Progress and Challenges to Improve Our Nation’s Cybersecurity

One Year Later: Progress and Challenges on the Anniversary of the Executive Order for Improving Our Nation’s Cybersecurity

It has been one year since the release of President Biden’s Executive Order (EO) for Improving the Nation’s Cybersecurity. It’s been a long 12 months, but I believe we are finally trending in the right direction since the EO was issued. The big change I’ve seen in the past year is that CISOs have taken an active engagement in Cyber Defense whereas previous to the EO, many CISOs were more focused on Risk Management Frameworks (RMF) and risk associated with RMF and Authorizations to Operate (ATO).

Operational Risk and Zero Trust

I’ve seen a big shift from focusing on standard endpoint security (which was driven more by compliance and reacting to security events) to endpoint detection and response (EDR). We knew that compliance was a priority because CYBERCOMMAND’s CCRI and DHS CDM/FISMA assessments were focused on scorecards and vulnerabilities. Agencies are beginning to focus more on operational risk and therefore are taking the necessary steps to identify threats in the network and across the endpoints. This EO focused on another shift in how the Government operated, chiefly that–due to COVID–the endpoint wasn’t sitting in Government spaces during 2020 and 2021 but still had access to Government data. Prior to COVID, most of the agencies did telework via VPN if necessary and explicitly entrusted those endpoints with broad access to internal assets, which ultimately led to and exacerbated some of the issues brought on by the Solarwinds compromise in late 2020. The Executive Order put agencies on notice and required agencies to shift to a Zero Trust model. Thus, each agency has now focused on changing their approach toward the explicit trust of assets, identities, and the networks that those users and assets operate on. This single factor has forced many agencies to shift their focus toward a more active engagement of cybersecurity and thus has played a part in making this EO more effective than prior cyber EOs. With the deliberate focus being put on operational risk and internal threat identification, the 2021 EO has given some agencies that were stuck in “legacy” detection practices the impetus to migrate towards a more active participation in cyber defense.
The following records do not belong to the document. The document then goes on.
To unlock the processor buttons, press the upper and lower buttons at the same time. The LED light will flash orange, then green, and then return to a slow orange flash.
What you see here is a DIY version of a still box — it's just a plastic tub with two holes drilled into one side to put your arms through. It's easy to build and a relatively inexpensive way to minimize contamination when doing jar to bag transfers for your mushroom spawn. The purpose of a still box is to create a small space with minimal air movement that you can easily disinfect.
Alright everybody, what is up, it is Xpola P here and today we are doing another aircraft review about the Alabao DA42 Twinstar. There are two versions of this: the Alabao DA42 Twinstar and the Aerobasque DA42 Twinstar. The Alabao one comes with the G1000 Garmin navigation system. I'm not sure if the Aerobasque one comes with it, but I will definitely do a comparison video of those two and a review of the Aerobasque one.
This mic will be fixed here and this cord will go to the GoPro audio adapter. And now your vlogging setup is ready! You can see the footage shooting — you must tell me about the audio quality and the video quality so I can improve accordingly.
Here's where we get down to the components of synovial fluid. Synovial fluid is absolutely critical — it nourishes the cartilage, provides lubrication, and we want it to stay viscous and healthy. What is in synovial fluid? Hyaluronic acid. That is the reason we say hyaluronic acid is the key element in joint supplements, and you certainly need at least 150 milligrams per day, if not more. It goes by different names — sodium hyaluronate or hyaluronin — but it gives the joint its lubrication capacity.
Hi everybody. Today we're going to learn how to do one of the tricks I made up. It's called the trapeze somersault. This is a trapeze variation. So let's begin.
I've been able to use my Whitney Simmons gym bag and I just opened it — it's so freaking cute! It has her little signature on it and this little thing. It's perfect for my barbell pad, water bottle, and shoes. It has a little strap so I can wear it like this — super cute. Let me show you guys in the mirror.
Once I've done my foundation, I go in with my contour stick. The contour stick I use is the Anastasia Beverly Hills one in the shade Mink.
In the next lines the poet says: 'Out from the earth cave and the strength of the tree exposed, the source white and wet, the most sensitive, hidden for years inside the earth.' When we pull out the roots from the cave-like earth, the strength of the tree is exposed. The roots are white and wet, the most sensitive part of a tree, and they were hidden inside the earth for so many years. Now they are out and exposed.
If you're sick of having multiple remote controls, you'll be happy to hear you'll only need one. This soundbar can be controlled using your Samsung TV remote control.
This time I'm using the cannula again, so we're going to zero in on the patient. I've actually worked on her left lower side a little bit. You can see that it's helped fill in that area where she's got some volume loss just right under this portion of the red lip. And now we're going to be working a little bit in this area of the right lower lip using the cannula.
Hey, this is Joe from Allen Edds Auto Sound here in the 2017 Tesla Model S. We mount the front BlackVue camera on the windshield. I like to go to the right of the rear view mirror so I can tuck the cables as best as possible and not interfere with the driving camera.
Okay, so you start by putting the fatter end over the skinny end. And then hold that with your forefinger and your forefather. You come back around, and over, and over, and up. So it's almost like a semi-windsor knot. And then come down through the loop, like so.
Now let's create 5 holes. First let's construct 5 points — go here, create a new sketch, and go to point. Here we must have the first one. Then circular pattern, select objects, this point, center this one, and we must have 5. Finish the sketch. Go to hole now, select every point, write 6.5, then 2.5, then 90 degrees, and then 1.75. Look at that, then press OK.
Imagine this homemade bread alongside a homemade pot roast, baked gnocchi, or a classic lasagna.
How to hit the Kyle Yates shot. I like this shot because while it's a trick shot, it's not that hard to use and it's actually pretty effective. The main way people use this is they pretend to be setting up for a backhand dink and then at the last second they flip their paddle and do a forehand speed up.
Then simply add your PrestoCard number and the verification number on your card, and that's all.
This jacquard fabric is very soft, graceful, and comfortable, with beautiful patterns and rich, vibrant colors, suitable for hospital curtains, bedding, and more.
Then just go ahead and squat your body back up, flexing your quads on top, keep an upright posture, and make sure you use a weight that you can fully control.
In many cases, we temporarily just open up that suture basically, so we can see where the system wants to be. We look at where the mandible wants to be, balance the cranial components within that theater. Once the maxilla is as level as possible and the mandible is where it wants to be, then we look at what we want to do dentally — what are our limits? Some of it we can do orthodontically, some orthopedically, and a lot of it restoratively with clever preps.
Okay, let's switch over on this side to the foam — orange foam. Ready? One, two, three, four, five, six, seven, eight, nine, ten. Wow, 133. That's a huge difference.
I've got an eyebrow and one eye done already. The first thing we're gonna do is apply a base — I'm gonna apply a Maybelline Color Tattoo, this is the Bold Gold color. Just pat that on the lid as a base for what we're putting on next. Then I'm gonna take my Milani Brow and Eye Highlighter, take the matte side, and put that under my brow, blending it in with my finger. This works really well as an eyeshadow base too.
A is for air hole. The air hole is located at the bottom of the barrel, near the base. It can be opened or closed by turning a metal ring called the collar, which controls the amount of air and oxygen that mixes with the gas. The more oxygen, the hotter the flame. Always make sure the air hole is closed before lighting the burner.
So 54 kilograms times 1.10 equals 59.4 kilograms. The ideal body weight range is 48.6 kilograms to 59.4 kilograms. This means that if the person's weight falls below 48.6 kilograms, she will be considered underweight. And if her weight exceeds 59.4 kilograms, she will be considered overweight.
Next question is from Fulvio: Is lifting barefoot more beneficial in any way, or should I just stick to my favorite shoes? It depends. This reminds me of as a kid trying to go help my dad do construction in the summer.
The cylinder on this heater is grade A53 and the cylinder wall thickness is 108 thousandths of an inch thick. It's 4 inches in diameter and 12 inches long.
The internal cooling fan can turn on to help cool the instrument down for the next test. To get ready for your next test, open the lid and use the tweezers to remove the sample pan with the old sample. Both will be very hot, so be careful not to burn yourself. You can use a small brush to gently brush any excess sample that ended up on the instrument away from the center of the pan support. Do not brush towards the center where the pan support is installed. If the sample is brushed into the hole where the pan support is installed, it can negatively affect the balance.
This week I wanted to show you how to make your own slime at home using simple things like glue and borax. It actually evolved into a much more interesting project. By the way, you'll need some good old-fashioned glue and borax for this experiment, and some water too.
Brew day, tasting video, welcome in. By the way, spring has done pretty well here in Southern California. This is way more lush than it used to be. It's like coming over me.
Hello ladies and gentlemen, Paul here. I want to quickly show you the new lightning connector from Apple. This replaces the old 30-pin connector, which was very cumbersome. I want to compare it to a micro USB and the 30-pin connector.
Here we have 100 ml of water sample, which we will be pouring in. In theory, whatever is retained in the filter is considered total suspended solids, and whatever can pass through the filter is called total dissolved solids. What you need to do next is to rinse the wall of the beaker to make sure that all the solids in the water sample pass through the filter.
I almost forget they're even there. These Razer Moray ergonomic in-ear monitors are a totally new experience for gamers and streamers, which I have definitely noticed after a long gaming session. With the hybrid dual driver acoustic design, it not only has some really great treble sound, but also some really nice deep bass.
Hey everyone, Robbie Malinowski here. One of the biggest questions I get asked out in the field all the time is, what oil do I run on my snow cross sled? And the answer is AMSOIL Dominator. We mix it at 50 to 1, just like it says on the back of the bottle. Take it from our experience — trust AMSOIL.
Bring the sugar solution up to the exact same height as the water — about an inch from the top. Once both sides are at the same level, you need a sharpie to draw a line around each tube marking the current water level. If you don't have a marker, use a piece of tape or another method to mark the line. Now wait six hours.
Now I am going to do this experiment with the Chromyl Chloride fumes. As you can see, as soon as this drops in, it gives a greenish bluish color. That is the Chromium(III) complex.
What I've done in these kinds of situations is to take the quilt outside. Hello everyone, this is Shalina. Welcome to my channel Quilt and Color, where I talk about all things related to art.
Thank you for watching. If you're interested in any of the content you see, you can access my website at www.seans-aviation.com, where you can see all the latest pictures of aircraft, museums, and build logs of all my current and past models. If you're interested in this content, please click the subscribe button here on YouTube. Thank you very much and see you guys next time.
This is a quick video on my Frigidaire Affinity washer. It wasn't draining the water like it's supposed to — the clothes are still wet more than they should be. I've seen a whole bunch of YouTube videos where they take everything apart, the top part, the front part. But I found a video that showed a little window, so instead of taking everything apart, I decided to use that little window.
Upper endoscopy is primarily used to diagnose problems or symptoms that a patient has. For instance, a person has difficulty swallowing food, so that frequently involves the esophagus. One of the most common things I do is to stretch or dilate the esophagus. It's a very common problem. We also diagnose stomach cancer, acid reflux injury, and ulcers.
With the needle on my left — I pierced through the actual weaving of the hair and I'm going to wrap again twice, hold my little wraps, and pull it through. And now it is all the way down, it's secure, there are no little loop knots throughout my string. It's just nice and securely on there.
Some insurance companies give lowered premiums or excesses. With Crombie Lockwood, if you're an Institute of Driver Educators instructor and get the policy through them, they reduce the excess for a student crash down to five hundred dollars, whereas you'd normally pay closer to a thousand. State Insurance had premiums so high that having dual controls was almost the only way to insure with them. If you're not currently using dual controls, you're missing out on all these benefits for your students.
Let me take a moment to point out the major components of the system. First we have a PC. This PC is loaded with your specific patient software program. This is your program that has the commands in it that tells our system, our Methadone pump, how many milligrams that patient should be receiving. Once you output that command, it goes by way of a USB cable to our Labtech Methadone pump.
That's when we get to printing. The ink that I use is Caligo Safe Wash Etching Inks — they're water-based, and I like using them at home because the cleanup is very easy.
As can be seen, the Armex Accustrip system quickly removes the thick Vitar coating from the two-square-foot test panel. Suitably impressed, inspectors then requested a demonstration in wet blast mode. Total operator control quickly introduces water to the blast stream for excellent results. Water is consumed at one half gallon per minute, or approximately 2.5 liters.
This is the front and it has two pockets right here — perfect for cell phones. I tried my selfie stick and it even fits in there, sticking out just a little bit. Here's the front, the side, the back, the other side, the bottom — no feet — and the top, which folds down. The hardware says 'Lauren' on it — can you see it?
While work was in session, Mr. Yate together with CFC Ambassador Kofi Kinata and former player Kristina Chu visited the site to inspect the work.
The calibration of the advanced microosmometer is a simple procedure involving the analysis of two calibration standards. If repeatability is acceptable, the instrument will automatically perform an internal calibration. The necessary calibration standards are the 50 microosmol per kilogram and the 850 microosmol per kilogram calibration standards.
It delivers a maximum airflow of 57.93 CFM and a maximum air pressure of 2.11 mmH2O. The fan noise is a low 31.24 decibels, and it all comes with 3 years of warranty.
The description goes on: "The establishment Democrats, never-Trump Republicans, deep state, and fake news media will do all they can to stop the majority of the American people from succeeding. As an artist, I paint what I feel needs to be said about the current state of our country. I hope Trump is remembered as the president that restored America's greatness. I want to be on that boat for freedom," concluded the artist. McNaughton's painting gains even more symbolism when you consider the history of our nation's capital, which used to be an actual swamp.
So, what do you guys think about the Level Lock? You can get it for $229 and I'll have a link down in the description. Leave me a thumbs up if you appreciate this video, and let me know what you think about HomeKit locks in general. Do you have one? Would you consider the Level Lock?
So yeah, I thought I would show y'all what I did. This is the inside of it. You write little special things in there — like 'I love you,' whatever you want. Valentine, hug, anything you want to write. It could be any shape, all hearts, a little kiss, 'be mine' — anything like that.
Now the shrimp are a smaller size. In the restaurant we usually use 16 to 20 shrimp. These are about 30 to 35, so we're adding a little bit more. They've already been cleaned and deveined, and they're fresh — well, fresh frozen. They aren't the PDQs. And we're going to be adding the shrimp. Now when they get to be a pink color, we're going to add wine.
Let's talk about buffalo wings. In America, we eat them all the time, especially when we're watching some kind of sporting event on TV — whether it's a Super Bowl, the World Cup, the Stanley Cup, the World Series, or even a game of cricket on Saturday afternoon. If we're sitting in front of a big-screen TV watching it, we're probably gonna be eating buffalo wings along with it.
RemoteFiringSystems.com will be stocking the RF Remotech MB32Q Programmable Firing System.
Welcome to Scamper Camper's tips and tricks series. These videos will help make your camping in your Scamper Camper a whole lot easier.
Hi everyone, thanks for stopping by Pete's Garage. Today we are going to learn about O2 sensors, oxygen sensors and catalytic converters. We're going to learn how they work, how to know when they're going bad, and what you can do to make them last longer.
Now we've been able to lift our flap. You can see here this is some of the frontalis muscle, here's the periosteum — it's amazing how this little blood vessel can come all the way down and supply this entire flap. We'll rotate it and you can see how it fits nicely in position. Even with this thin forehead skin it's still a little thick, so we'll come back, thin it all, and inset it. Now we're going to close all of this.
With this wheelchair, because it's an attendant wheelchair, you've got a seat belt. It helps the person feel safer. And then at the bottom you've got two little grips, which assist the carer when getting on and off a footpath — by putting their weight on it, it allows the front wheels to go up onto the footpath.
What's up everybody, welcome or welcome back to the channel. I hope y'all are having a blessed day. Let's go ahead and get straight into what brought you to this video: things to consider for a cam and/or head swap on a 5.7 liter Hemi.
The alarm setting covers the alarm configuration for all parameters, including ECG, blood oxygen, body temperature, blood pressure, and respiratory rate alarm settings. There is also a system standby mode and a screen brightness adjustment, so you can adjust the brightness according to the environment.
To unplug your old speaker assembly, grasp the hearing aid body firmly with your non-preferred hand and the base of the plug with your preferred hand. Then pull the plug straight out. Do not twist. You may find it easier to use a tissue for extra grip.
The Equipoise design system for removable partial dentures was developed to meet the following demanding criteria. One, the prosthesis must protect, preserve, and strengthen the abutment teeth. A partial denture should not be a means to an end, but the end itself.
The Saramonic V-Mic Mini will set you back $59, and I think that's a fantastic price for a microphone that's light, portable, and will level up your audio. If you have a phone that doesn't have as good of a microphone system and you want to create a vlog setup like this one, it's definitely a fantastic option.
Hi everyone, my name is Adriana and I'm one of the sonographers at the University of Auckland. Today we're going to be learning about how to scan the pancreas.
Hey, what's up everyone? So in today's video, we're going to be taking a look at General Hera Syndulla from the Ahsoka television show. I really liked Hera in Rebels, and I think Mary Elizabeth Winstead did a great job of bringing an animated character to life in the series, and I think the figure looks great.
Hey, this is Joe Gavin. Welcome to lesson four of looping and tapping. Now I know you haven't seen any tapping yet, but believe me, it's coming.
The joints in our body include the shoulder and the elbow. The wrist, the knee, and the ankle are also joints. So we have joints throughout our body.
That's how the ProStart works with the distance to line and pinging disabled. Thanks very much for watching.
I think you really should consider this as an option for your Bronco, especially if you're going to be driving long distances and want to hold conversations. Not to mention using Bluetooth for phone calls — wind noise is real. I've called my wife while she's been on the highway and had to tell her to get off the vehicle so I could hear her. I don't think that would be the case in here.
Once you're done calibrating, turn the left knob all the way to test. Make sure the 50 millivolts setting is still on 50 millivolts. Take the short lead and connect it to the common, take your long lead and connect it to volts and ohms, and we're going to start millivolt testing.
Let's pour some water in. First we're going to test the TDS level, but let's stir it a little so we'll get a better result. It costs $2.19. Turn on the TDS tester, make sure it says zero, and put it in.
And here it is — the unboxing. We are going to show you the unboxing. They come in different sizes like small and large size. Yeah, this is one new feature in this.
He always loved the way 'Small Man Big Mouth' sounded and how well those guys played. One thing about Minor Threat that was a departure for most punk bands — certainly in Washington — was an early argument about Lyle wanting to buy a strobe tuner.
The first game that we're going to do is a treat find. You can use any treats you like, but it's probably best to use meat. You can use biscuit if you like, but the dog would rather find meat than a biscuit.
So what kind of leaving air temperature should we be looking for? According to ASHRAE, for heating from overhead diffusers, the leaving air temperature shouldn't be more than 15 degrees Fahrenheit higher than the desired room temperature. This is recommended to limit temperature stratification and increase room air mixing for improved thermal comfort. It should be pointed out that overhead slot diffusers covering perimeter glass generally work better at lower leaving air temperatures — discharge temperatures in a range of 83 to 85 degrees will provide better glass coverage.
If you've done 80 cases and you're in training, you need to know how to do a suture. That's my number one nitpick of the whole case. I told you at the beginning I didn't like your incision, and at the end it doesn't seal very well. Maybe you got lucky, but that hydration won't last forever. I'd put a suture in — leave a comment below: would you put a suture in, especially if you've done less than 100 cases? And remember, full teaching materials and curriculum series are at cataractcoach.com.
CISA has even helped by procuring an EDR solution to help civilian agencies migrate away from an endpoint compliance capability and towards an active detection and response capability. DISA, on the other hand, is still struggling with migrating from legacy ESS (HBSS) capabilities to a more active EDR solution, and most agencies are doing individual solutions to support this requirement.

The skills gap and a shift to cloud

Other areas of the EO, like changing the Federal Acquisition Regulation (FAR) and requirements for reporting of incidents, were easy for the Government to implement and didn’t cause many headaches. We even saw quick turnarounds from NIST, NSA, CISA, and others regarding their deliverables stemming from the EO. A number of detailed documents were released last summer that helped strengthen the EO but simultaneously caused some concern, as many agencies didn’t get additional funding from Congress to implement many of the requirements.

The EO also put focus on the move to cloud and funding cloud technologies vs legacy on-premise capabilities. While many individuals may argue if this is the right approach, I believe it is the strategy that best meets the needs of government organizations, because–like so many others in the space–they are having a difficult time hiring skilled cybersecurity personnel. The main takeaway is that agencies must begin to move the right capabilities and data to the cloud, but the biggest issue with this shift is getting funding from Congress to acquire the right cloud security solutions for an organization and then fund the movement of assets. Over the years, the government has had many conversations around “cloud-first” initiatives, but I believe this EO will push cybersecurity organizations to put that at the forefront of their solution picking. Now, the main issue will be working with the government to get solutions FEDRamp’d and/or IL5 accredited for use in government spaces.

Strengthening the Supply Chain

The supply chain requirements coming out of the EO have been a real challenge for most agencies. While the EO specifically talks about the supply chain issues highlighted by the Solarwinds breach and examines how an agency gets its software and patch support, it does not address the supply chain issues that led to the follow-on cyber issues with Log4j and Spring4j. Both of these cyber events stemmed from the government and private organizations not having a strong understanding of the software development lifecycle (SDLC) and the Software Bill Of Materials (SBOM) of an application. Even when we look back at RMF, we should have identified an SBOM for applications being built and used within an agency, but that didn’t happen. And unfortunately, addressing Application Security and understanding how to assess an application prior to its release continues to be a struggle for most government organizations. Most organizations utilize a third-party tool to conduct this assessment, and what Log4J and Spring4J showed us is that there wasn’t sound documentation that identified all of the libraries used to support a given application. In my opinion, the follow-on to the EO needs to strengthen our ability to create a more unified Application Security focus.

In closing, the EO is forcing the issue of improving agencies’ cybersecurity programs by putting an emphasis on taking an active role in all parts of cybersecurity and not only focusing on compliance but operational security. While there have been some setbacks, one year later we are on a better path to building roadmaps and migrating to modern cyber solutions and technologies – giving the government a greater overall cyber capability.